Satellite in space

As of early October this year, the European Space Agency has just sent a new satellite into orbit, the Sentinel-5P, which will monitor climate change from space. The sattelite was launched by a Russian Rocket launcher from northern Russia.

This observation satellite will be the first ever Copernicus mission solely dedicated to monitoring the earth’s atmosphere. It will detect particular substances related to climate change such as nitrogen dioxide, ozone formaldehyde, sulphur dioxide, methane, and carbon monoxide.

The P in the satellite’s name means “precursor” because the satellite is meant to be a stop-gap, easing the transition as older satellites start to go offline before the Sentinel mission in 2021 is launched. Despite its name, the Sentinel-5P will be more than just a gap filler as its operation system is far better than previous models, able to take 20 million observations everyday, with a resolution 10 times better than its predecessor. Pollution will be visible at a finer scale helping the satellite to determine where pollution is occurring whether it’s in a city, harbor, or ocean.

Sentinel 5P satellite

The data collected by the Sentinel-5P will help scientists to understand how the ozone layer is affected by trace chemicals in the atmosphere, and as a result will guide stakeholders in creating policies regarding climate change. It will also help countries to remain accountable on their pledge to reduce pollution. Pollution has been known to cause more deaths than AIDs and malaria combined.

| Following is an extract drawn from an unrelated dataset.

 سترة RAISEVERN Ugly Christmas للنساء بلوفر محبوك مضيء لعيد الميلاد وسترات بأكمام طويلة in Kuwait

The Sentinel-5P is able to detect target gases with the help of TROPOMI (TROPOspheric Monitoring Instrument). This technology allows the satellite to identify the target gases by reading wavelengths of sunlight reflected back into space from the earth and participles in the atmosphere.

With this, the Sentinel-5P is able to help predict weather, map lands and oceans, and determine the health of earth’s vegetation. It’s also able to monitor volcanic ash which can help improve aviation safety as well as detect high levels of UV radiation that causes damage to the skin.

Sentinel-5P is a result of the close collaboration between the European Space Agency, the European Commission, the Netherlands Space Office. Many more sentinels will be launched in the next few years. All data gathered by the the Copernicus program through Sentinel-5P will be available to the public for free. There are currently 10,000 users who are downloading this data.